__What the task asks__. Transcribe all of the records word for word, but omit the pictures.

(Brief descriptive captions)
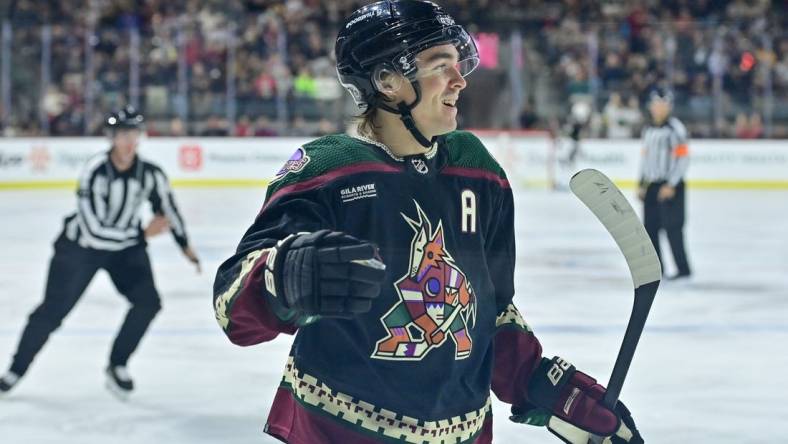 Nov 7, 2023; Tempe, Arizona, USA; Arizona Coyotes right wing Clayton Keller (9) celebrates after scoring a goal in the second period against the Seattle Kraken at Mullett Arena. Mandatory Credit: Matt Kartozian-USA TODAY Sports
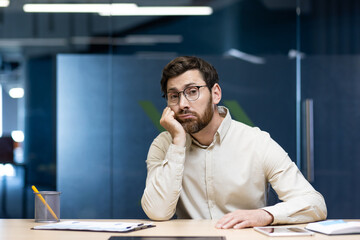 Portrait of a tired young man, an office worker sitting bored at the desk in the office and looking at the camera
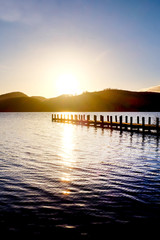 very long wooden jetty, jutting out into a calm blue wooden lake with mountains sunsetting in background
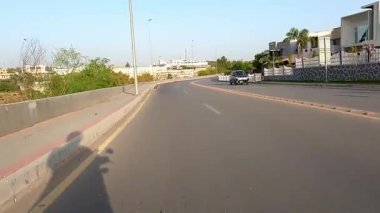 Yolda görünür gölgesi olan motosikletli bir adam var. Arka planda seyrek trafik var. Şehir içi ulaşımı gösteriyor.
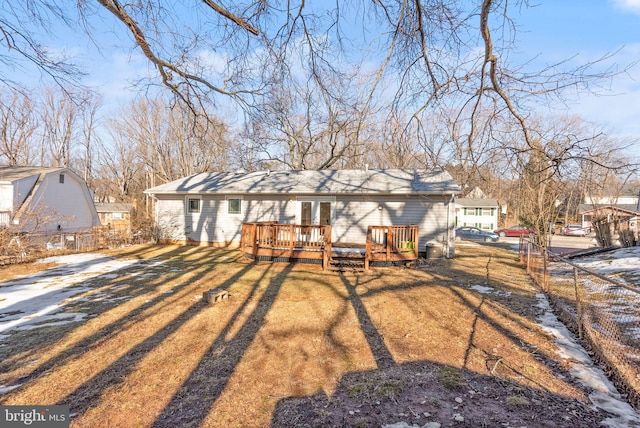 view of front of home with a wooden deck and a front yard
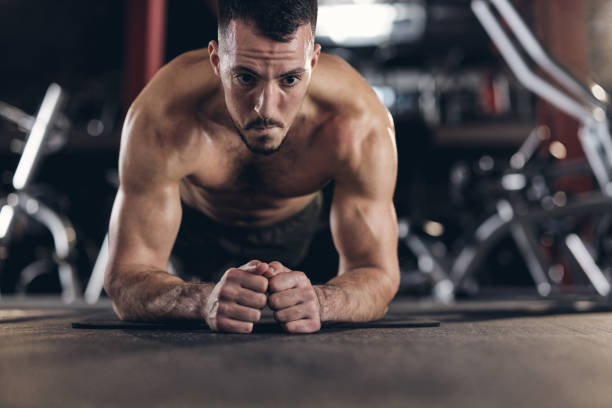 istock Muscular build man exercising endurance in plank position in a gym. 2148789876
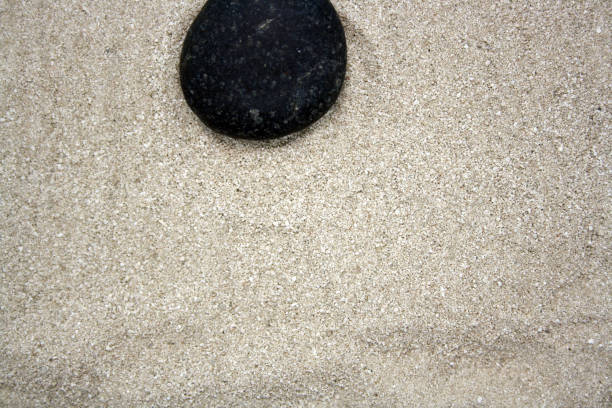 istock Sea round stones on the fine sand. Selective focus. 1339985196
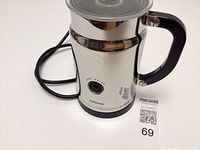 Side view of Nespresso Aeroccino with handle, lid and power cord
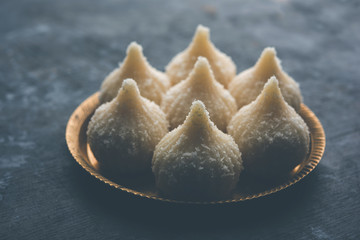 Sweet Modak made using coconut, khoya and sugar. Popular Maharashtrian recipe offered to lord Ganesha in Ganesh Festival. Served in a plate. Selective focus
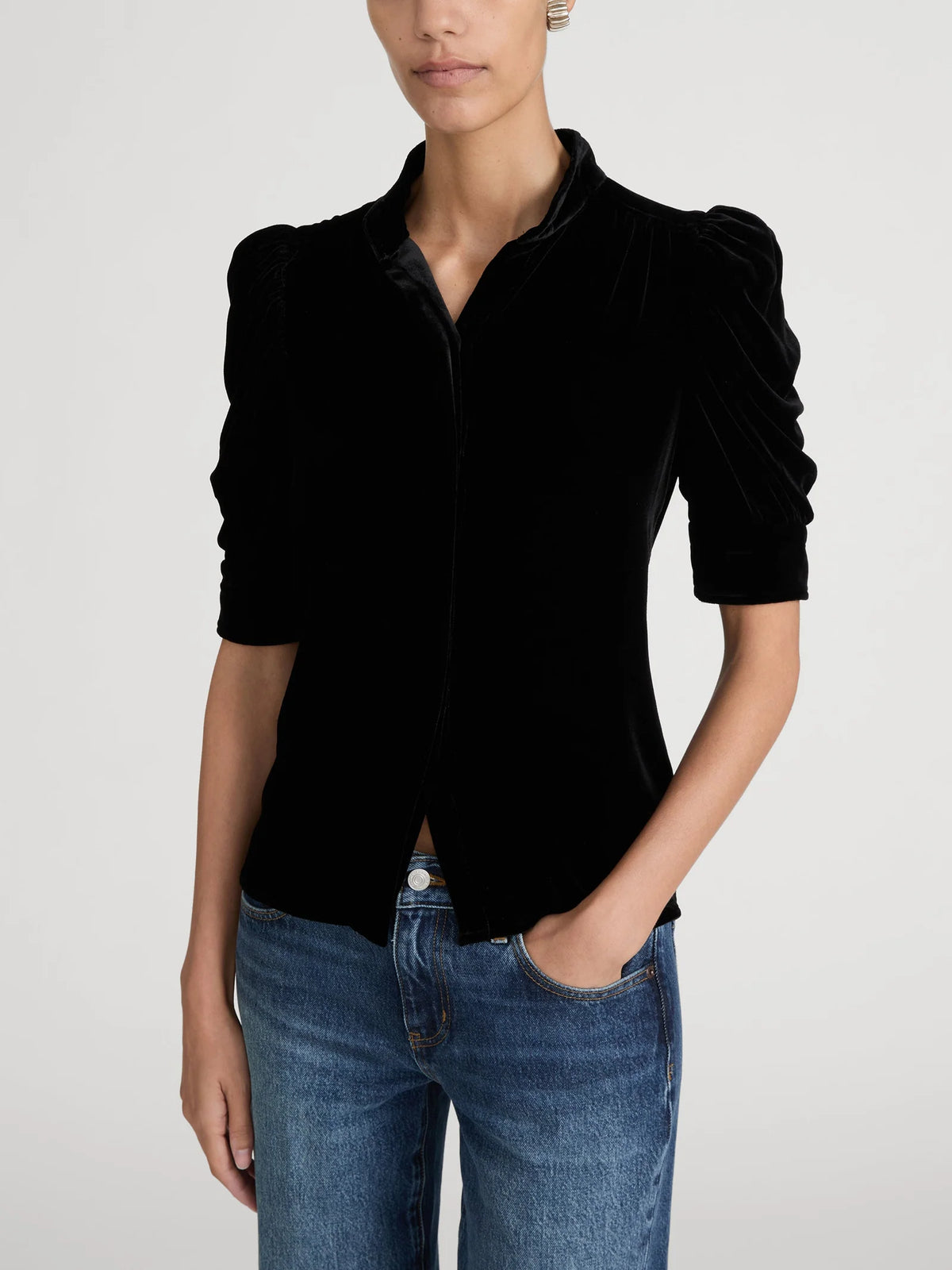 FRAME The Velvet Gillian black silk blend puff sleeve velvet blouse.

__Answer below__.
 Nov 7, 2023; Tempe, Arizona, USA; Arizona Coyotes right wing Clayton Keller (9) celebrates after scoring a goal in the second period against the Seattle Kraken at Mullett Arena. Mandatory Credit: Matt Kartozian-USA TODAY Sports
 Portrait of a tired young man, an office worker sitting bored at the desk in the office and looking at the camera
 very long wooden jetty, jutting out into a calm blue wooden lake with mountains sunsetting in background
 Yolda görünür gölgesi olan motosikletli bir adam var. Arka planda seyrek trafik var. Şehir içi ulaşımı gösteriyor.
 view of front of home with a wooden deck and a front yard
 istock Muscular build man exercising endurance in plank position in a gym. 2148789876
 istock Sea round stones on the fine sand. Selective focus. 1339985196
 Side view of Nespresso Aeroccino with handle, lid and power cord
 Sweet Modak made using coconut, khoya and sugar. Popular Maharashtrian recipe offered to lord Ganesha in Ganesh Festival. Served in a plate. Selective focus
 FRAME The Velvet Gillian black silk blend puff sleeve velvet blouse.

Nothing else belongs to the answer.